----- Data for processing

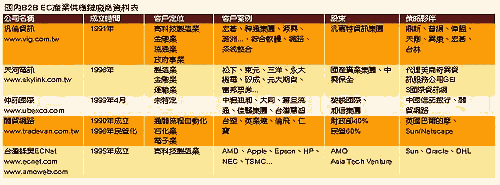 《表一 国内B2B EC产业供应链厂商数据表》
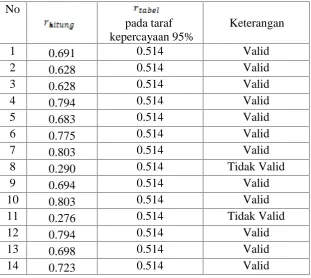 Tabel 3.5 Pengujian Validitas Kompetensi Pedagogik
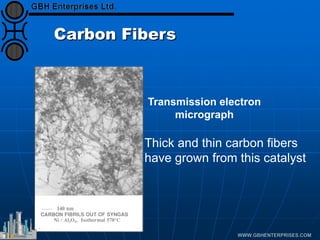 Carbon Fibers
Transmission electron
micrograph
Thick and thin carbon fibers
have grown from this catalyst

----------

▶ What you need to do
To answer, repeat exactly the lines from the line containing "Tabel 3.5 Pengujian" through the last line of the data above, leaving out all pictures.

▶ Expected output
 Tabel 3.5 Pengujian Validitas Kompetensi Pedagogik
 Carbon Fibers
Transmission electron
micrograph
Thick and thin carbon fibers
have grown from this catalyst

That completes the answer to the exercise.